Quand l’équipe nationale va bien, le football suisse va bien. Les clubs profitent de l’augmentation de la valeur marchande de leurs joueurs ainsi que des primes versées par la Fifa et l’UEFA en cas de succès. A l’inverse, l’équipe nationale profite de clubs suisses performants sur la scène internationale. Je ne me considère pas comme quelqu’un qui sait tout, je défends simplement mon point de vue.
La ligue a introduit cette saison un système de bonus-malus afin d’encourager les clubs à donner du temps de jeu aux jeunes Suisses. Qu’en pensez-vous? Ou faudrait-il, comme au Mexique, retirer des points lorsque le temps de jeu accordé aux talents locaux reste inférieur au minimum exigé?
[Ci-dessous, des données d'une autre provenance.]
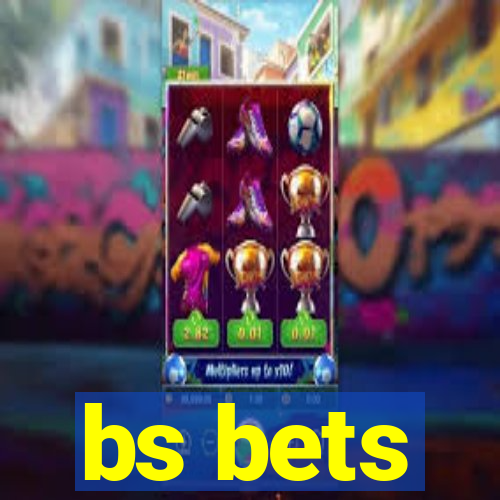 bs bets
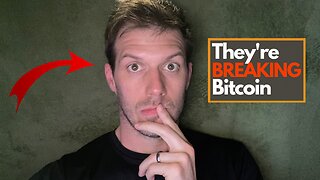 THEY Are Trying To Break Bitcoin...🤯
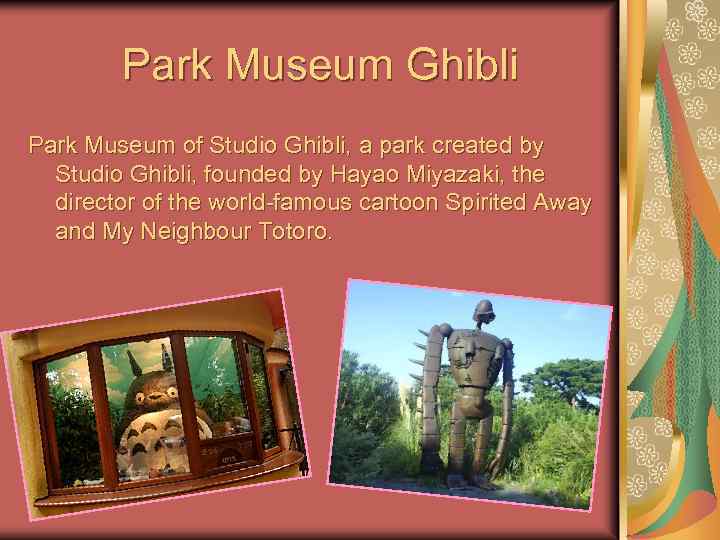  Park Museum Ghibli Park Museum of Studio Ghibli, a park created by Studio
Les incitations financières ont du sens. Mais les clubs doivent surtout le faire par conviction. Sanctionner l’utilisation de joueurs étrangers par un retrait de points serait probablement délicat sur les plans juridique et moral. Les éventuelles modifications de règlement ne sont pas de mon ressort. En tant que sélectionneur des M21, je me considère comme l’avocat des jeunes Suisses.
C’est une accusation lourde…
Pour un jeune joueur suisse, la période de grâce est plus courte. Ou alors il est jugé plus sévèrement. Pourquoi? Peut-être aussi à cause de cette mentalité que l’on prête depuis longtemps aux Suisses.
Laquelle?
Ne pas suffisamment défendre ses propres intérêts, baisser trop vite la tête. Un Suisse doit lui aussi montrer à son entraîneur, à chaque entraînement et par ses performances: «Hé, je suis là! Fais-moi jouer! Je suis meilleur que l’autre!» Je ne demande pas de passe-droit pour les joueurs titulaires d’un passeport suisse. Cela dit, au vu des résultats de l’équipe nationale A, nous sommes globalement sur la bonne voie.
Sommes-nous trop peu patriotes en Suisse?
Là, nous entrons dans un débat de société. Pendant une Coupe du monde ou un Euro, les drapeaux suisses sont partout, tout le monde va au bureau avec le maillot de l’équipe nationale, les fan zones sont pleines. La fierté d’être Suisse est perceptible partout.
Deviendrez-vous un jour sélectionneur de l’équipe de Suisse A?
Aucune idée, mais je ne cours pas non plus après ce poste. Je suis très, très heureux que Murat Yakin soit le sélectionneur de l’équipe A. Nos échanges sont parfaits et empreints de confiance et de respect mutuels.
Yakin vous écoute-t-il lorsque vous lui conseillez d’essayer tel ou tel joueur?
Il en prend très certainement note et accorde beaucoup d’importance à mon avis. J’échange régulièrement avec son assistant Davide Callà.
Lorsque vous proposez les meilleurs joueurs M21 au sélectionneur de l’équipe A, vous vous tirez une balle dans le pied. Vous le faites volontiers?
Bien sûr. C’est mon travail. Je suis au service du football suisse.